Türkiye çöküyor, AB ve Avro çözülüyor

Yineleyip duruyoruz, ama yinelemezsek de olmuyor ki: İslamcı Ankara'nın boyunduruğu altındaki Türkiye çözülmüyor, çöküyor; hem de gürültüyle çöküyor. Biz burada zaman zaman “çözülüyor bu ülke” diye yazarken iyimsermişiz. Korkunç sesler duyuluyor artık ve “bu daha başlangıç”.

Peki, ya Avrupa ve onun patronu (“jeoekonomik güç”), Türkiye'nin dizginlerini elinde tutan Almanya nasıl? O, yükseliyor mu? Örnek: Berlin'in kendine göre biçtiği “avro”nun çökmemesi mümkün mü? Alman sermaye sınıfının, neredeyse kulaklarından fışkıran ve bilgisayar sistemleriyle ürettiği paraları park ettiği banka sisteminden gelir (faiz) alamaz olduğu, tersine, para yatırıp üstüne bir de bedel ödediği (“negaif faiz”) yaşlı kıtada, işlerin yolunda gittiğini iddia eden kaldı mı? Avro, daha doğrusu AB çözülmüyor mu?

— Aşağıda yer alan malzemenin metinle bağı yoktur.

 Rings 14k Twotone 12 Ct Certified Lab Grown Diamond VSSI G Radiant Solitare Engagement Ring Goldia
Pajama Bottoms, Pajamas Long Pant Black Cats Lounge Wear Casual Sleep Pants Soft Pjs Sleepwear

Türkiye çöküyor, AB ise bir çözülme sürecinde, diyebiliriz. Neden mi?

İhracat manyaklığı üzerinde bir neoliberal saldırı karargâhı olarak yükselen AB ve “avro”ya bugünlerde habire ömür biçiliyor. Almanya'nın ihracat şiddeti tüm Avrupa'yı dağıttı çünkü. Brexit'le bir türlü AB'den çekilemeyen İngiltere (daha doğrusu “Büyük Britanya”), Birliği daha şimdiden darmaduman etti. Londra'nın kendisi zaten dikiş tutturamıyor. Tamam da, ya “Drexit”, yani Almanya'nın (Deutschland) Avro'dan çıkışı gündeme gelirse? Bu ihtimal artık ana akım medyada bile dillendiriliyor.

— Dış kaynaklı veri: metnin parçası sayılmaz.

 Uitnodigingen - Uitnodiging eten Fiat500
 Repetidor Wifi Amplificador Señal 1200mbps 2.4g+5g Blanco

Almanya'nın Avro Bölgesi'ni terk etmesi gerektiğini açıkça ileri süren görece genç kuşak “bestseller” yazarlar var. Bunlardan Matthias Weik ve Marc Friedrich, tarihin görmediği bir çöküşe gittiğimizi önümüzde ay sonunda kitap halinde piyasaya verecekler. Yüz binler, belki de milyon satacağını şimdiden söyleyebiliriz. Avro sisteminin ve hatta AB'nin bir çöküş sürecine girdiğini haykıran bu tür insanların sayısı az değil, güçleri de artıyor ve hazretlerin öyle solculukla falan bir ilgileri de yok. Servet koruma önerileri geliştiriyorlar. Çünkü bir mülksüzleştirme dönemine girdiğimizi ileri sürüyorlar. Yalnız değiller.

Değiller, çünkü artık akademi de durumun ciddiyetine yerleşik medyada dikkat çekme gereği duyuyor. “Tarzan zor durumda”, demek ki...

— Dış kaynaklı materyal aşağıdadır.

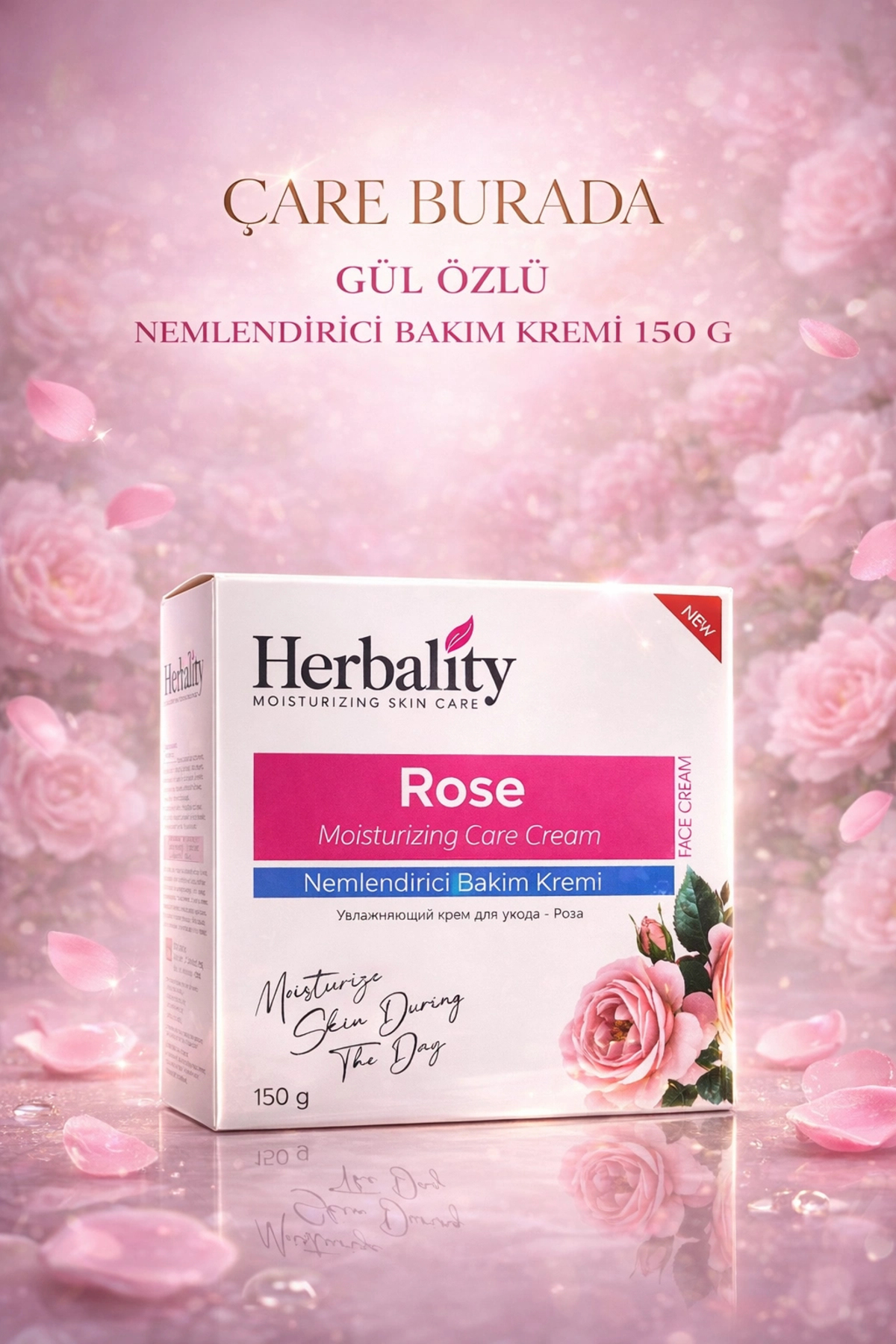 Çare Burada Gül Özlü Nemlendirici Yüz Bakım Kremi 150 Ml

PARA ÇIKMAZI: KUZEY VE GÜNEY AB

Bunları solcular söylemiyor, dedik: Hamburg Helmut-Schmidt Üniversitesi profesörlerinden Dirk Meyer ve asistanlarından Arne Hansen, geçen ay büyük sermayenin haftalık ekonomi dergisi Wirtschaftswoche'de bir kısa analiz yayımlayarak, Avrupa Bölgesi'nde birleşik bir para politikası izlemenin sadece kuruntu, yani hayal olduğunu ilan etti: “Eğer ulusal merkez bankaları kendi zevkine göre para yaratabiliyor ve bu, parasal birliğin tüm üyelerince kabullenilmek zorunda kalıyorsa, böyle bir parasal birliğin yürümesi mümkün değildir.”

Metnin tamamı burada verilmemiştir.